[RECORDS PROVIDED]:
++++++
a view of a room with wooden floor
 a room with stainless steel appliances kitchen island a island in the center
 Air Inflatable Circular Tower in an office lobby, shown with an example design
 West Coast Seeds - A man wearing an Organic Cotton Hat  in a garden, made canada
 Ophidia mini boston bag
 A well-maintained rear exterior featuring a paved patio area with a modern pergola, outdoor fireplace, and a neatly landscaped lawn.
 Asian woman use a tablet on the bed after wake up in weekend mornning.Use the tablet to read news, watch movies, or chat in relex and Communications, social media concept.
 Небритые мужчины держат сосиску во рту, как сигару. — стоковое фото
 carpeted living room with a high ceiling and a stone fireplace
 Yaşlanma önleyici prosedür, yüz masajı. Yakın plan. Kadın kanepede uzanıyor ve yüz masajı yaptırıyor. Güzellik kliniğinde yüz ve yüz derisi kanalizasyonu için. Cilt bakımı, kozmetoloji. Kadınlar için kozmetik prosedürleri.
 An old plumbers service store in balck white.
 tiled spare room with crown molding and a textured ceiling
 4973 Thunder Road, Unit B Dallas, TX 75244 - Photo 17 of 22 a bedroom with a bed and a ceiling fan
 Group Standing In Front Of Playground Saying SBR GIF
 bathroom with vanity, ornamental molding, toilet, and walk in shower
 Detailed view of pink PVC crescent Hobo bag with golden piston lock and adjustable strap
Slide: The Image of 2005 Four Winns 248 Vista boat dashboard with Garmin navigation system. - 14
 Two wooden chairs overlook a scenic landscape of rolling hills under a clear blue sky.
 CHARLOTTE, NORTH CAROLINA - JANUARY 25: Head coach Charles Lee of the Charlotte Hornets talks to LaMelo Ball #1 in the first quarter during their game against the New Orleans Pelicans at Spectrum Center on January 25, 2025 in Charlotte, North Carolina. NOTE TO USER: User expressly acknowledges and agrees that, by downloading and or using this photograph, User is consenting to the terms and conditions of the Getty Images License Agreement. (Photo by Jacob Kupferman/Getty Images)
++++++
In the listing above, find the line containing "a room with stainless" and the line containing "carpeted living room", then repeat those two lines and everything between them exactly.

[FINISHED TASK]:
 a room with stainless steel appliances kitchen island a island in the center
 Air Inflatable Circular Tower in an office lobby, shown with an example design
 West Coast Seeds - A man wearing an Organic Cotton Hat  in a garden, made canada
 Ophidia mini boston bag
 A well-maintained rear exterior featuring a paved patio area with a modern pergola, outdoor fireplace, and a neatly landscaped lawn.
 Asian woman use a tablet on the bed after wake up in weekend mornning.Use the tablet to read news, watch movies, or chat in relex and Communications, social media concept.
 Небритые мужчины держат сосиску во рту, как сигару. — стоковое фото
 carpeted living room with a high ceiling and a stone fireplace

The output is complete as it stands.